March 6 (Bloomberg) -- OAO Mechel, Russia’s largest producer of coal for steelmakers, slid the most in three months in U.S. trading on concern demand for the commodity will decline as Chinese economic growth slows.
Mechel’s American depositary receipts tumbled 8.1 percent to settle at $9.70 in New York, the biggest one-day drop since Dec. 19. The ADRs are trading at a 2.1 percent discount to the company’s Moscow-listed shares. Mechel is the biggest decliner on the Bloomberg Russia-US 14 index of Russian companies traded in the U.S. today.
China cut its economic growth forecast to the lowest since 2004 yesterday as the European debt crisis and sluggish U.S. recovery dim the outlook for the world’s biggest exporter. Moscow-based Renaissance Capital expects coking coal prices to average $219 a metric ton in 2012, compared with $289 last year, according to equity analyst Vasiliy Kuligin.

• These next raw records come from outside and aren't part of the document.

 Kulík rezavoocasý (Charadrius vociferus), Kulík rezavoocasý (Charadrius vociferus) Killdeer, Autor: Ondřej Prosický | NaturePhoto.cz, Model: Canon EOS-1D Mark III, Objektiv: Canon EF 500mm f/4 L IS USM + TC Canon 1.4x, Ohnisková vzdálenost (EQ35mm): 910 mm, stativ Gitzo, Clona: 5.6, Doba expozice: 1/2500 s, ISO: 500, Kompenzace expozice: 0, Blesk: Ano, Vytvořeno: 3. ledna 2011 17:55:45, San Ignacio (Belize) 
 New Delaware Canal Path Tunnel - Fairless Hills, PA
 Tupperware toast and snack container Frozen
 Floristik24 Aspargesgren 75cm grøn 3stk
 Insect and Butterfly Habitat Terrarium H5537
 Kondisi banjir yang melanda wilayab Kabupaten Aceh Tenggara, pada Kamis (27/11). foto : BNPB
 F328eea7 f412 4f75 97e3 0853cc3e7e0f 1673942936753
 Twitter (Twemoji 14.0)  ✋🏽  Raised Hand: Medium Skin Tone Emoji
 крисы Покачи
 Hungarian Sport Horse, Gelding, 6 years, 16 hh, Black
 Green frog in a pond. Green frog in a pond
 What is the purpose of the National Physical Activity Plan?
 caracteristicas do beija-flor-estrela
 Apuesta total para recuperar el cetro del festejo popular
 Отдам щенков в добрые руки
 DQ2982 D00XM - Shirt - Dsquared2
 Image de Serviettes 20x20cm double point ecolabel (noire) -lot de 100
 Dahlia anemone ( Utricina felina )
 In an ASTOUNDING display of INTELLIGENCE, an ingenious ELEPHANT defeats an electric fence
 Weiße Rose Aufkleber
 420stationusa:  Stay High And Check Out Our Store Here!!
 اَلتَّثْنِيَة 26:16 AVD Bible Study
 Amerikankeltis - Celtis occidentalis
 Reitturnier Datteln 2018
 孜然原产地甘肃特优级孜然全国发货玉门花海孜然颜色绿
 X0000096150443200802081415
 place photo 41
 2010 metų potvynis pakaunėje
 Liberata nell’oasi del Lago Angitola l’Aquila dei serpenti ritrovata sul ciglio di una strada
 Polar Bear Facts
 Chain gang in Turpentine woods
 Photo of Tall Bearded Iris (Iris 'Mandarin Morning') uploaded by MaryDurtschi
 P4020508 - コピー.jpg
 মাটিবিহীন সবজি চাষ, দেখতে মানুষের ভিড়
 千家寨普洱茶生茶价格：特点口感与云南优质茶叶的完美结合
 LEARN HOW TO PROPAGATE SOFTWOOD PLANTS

“Mechel makes most of its revenue from selling coking coal,” Kuligin said by phone from Moscow. “China won’t need as much coking coal as was previously thought and the coking coal price will continue to weaken, hurting Mechel further.”
While Renaissance has a “quite bearish view” on Mechel, it is retaining a “hold” recommendation on the stock.
Mechel’s ADRs, which lost 71 percent last year, have gained 14 percent in 2012. The company’s stock listed on Moscow’s Micex Index lost 10 percent to 293.70 rubles yesterday, or the equivalent of $9.91. One ADR represents one ordinary share.